We are all familiar with text search which returns document similar to our query. It is also possible to perform similar search but with images.
Image similarity search is a technique allowing to look for specific images sharing common features. It can be performed at two different levels depending on the objective:
- search for the exact same object in images.
- search for objects looking similar, but not necessarily exact same objects.
We can show some examples below:
How to apply this technique for iToBoS project?
When reconstructing the 3D avatar of a patient, one important step is to match the moles that are the same but taken by different cameras and thus present in several images (up to 10 images). By grouping them, we avoid inconsistency in diagnosis, and we also provide more information about one lesion with different images and points of view. We call this step “mole matching”.
What is the State Of The Art neural networks methods for mole matching?

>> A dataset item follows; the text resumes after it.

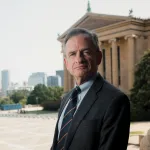 A man in front of a columnated museum.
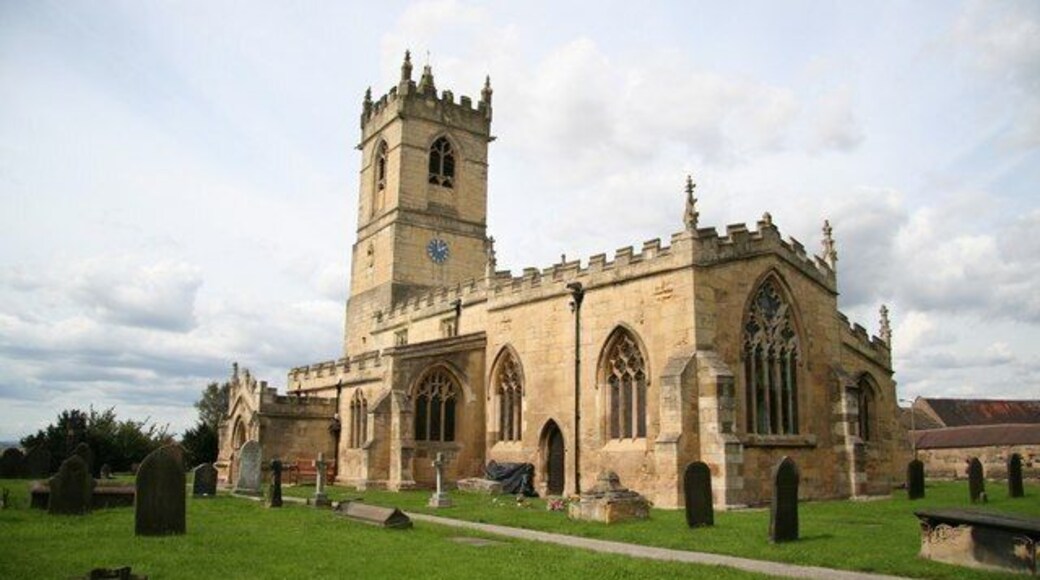 St.Peter's church Norman tower and 15th century crenelations, but the windows are largely early 14th century Decorated with rectilinear tracery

One method used for image similarity search is Siamese networks. Describing the algorithm, a pair of images will pass through two separate convolutional neural networks (CNN) sharing the same weights, then will be encoded into embedding vectors and the output will be a distance between the pair of vectors, calculated by the contrastive loss. Lower is the distance, higher is the similarity between the images. The role of this contrastive loss during the training of such algorithm is to increase the distance between a negative pair (not the same object) and decrease the distance for a positive pair (same object). Finally, for prediction, we need to fix a threshold to separate what the model predicts as positive pairs and negative pairs.